== Work to complete ==
Search the lines of the records for the word "Sale", and copy every line that has it.

== Exercise material ==
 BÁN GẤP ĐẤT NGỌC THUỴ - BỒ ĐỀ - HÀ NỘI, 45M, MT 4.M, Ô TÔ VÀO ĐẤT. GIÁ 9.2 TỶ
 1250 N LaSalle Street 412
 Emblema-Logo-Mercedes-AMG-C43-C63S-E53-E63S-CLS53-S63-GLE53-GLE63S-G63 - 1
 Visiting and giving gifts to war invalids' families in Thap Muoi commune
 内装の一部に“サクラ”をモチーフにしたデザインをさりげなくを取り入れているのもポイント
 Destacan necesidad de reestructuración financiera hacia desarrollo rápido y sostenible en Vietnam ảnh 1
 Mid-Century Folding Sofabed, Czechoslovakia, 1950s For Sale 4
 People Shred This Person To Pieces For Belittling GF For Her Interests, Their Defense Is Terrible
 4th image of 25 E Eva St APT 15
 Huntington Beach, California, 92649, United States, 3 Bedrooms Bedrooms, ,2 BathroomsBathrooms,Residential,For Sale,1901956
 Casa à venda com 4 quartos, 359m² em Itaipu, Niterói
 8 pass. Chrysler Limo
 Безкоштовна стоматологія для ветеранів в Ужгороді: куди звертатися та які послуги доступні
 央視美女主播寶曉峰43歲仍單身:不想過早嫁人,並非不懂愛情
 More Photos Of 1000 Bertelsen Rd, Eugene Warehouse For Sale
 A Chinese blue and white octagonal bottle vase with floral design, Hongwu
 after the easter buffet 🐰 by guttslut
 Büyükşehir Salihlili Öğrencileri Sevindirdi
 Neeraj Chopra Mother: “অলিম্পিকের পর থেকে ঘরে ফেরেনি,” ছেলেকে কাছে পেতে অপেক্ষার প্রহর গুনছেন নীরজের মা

== Response to the task ==
 Mid-Century Folding Sofabed, Czechoslovakia, 1950s For Sale 4
 Huntington Beach, California, 92649, United States, 3 Bedrooms Bedrooms, ,2 BathroomsBathrooms,Residential,For Sale,1901956
 More Photos Of 1000 Bertelsen Rd, Eugene Warehouse For Sale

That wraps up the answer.